High Desert History: Southeastern Oregon

by Jeff LaLande
World War II and the Post-War Boom

Part of the Wider World

Lumber mill at the edge of town; Lakeview, Lake County c. 1939

Lumber mill at the edge of town; Lakeview, Lake County c. 1939 Lumber mill at the edge of town; Lakeview, Lake County c. 1939

By 1940, with a war in full blaze elsewhere on the globe, the United States began to hum with global demand for its resources and manufacturing production. The economic boom accelerated as a result of the nation’s entry into the war in December 1941. Although Portland and other urban places in the Pacific Northwest became major manufacturing centers of the Home Front, southeastern Oregon’s main contribution to the war effort was an increased production of lumber and beef. High prices for these two commodities returned, and, even with wartime wage and price controls, steadily rose higher than anything the market had offered before. During and after the war years, the timberlands of the Warner Mountains and the western Lake County, tapped by Weyerhaueser railroad spurs running eastward from Klamath Falls, supported dozens of sawmills. Many of them were small-capacity, family-run operations, but with the demand for lumber, their profit margins were high.

Although sons and daughters left Lake, Harney, and Malheur Counties to join the armed forces or to work in the defense plants on the West Coast, and some of the area’s soldiers, sailors, and airmen died in the Pacific and European theaters, the military part of the war had little impact on southeastern Oregon. Several Army infantry divisions participated in the 1943 Oregon Maneuvers between Bend and Burns on the northwest margins of the High Desert. At Lakeview, a lightly used training airfield for Army Air Corps bombers was built.

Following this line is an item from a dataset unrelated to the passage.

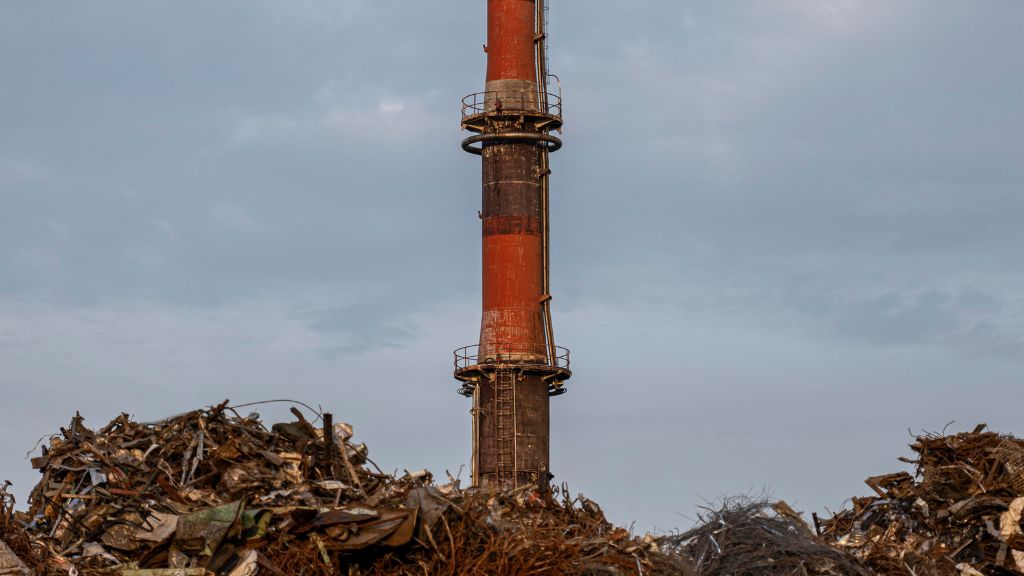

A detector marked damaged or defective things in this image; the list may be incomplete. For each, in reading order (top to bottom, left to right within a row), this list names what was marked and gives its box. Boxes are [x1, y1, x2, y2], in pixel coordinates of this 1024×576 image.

Spurred on by both the pent-up consumer demand of the late Depression years and by the high wages of the war years, much of which went into savings, America’s postwar economy took off on a thirty-year-long trajectory of rising middle-class prosperity unheard of before or since. Southeastern Oregon participated in this postwar boom largely through increased commodity demand for beef and lumber. The Rural Electrification Administration (REA), a New Deal program, remained in business after the Depression. Together with the Bonneville Power Administration and the influence of local rancher Reub Long, the REA built a long line of power poles south and east from the Bend area, finally bringing electricity to Fort Rock and Silver Lake in 1955.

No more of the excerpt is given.